One of the newest exhibitions at LACMA is the first retrospective for the contemporary artist Pierre Huyghe. It runs through February 22, and if you’re a little open-minded and interested in different artistic mediums, it’s well worth a trip.
I am by no means an expert on art, so I won’t interject my scholarly thoughts much here, but rather give an overview of what you can expect.
Upon entering, a nice man asks you name, and the proceeds to announce you as you enter the gallery space. The front half of the exhibition is fairly dark. It is open with unusual cordoned off spaces, likened to a building project still in process. There are a number of films showing in these different spaces, along with various other works of sculpture, drawings, paintings, photography, and more. One room has a light up Atari ceiling that you can use a dial to control the light.

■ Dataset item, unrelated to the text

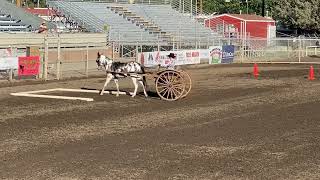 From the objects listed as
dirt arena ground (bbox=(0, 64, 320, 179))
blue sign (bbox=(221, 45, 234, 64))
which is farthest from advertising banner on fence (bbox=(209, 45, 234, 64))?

It was honestly a little to dark to get a satisfactory view of some objects, but perfect for viewing the videos. My favorite video was Untitled (Human Mask). It follows a monkey in Japan wearing the mask, wig and dress of a little girl. She appears to be completely alone, frustrated by her confinement and solitude in a restaurant. Nothing really happens in the film, but it elicited real emotion from me. I saw the main character as a real girl, not as a monkey.

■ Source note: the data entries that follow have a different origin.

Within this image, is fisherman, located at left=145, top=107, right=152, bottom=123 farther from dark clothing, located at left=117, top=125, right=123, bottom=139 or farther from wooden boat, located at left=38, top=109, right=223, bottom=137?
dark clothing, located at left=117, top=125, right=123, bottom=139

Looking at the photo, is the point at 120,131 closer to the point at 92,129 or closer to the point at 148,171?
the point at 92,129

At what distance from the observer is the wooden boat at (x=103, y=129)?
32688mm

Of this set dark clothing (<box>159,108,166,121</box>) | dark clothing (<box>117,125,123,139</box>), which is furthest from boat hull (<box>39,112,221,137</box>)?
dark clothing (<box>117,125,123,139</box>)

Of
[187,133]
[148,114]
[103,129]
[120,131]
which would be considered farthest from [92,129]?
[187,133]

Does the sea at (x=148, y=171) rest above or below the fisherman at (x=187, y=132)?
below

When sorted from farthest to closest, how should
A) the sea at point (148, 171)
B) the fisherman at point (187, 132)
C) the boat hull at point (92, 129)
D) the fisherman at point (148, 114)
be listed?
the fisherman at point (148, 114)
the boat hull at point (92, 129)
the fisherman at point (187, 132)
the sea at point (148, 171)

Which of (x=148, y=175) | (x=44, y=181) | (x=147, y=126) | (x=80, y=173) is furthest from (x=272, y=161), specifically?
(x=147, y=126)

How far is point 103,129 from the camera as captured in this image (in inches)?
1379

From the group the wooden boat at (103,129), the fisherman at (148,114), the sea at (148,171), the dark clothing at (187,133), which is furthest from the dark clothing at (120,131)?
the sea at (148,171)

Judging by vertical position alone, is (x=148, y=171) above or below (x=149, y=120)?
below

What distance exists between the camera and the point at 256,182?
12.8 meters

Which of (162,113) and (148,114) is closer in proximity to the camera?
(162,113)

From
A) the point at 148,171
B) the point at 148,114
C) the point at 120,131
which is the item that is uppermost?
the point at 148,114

There are some interesting water tanks in the exhibition, one containing a crab wearing a mask for a shell. The back of the space was lit by natural light, and contained a large floor piece that looked like lava and salt. Outside is a sculpture with a live bee hive for a head.
Throughout the gallery, there is a living element. A dog with one pink leg named Human, who appears in at least one of his films, wanders the space freely. A man wearing a light mask (there are many characters in one of his film who wear these masks) also hangs out. I enjoyed this aspect of his work–seeing pieces of his films living and breathing.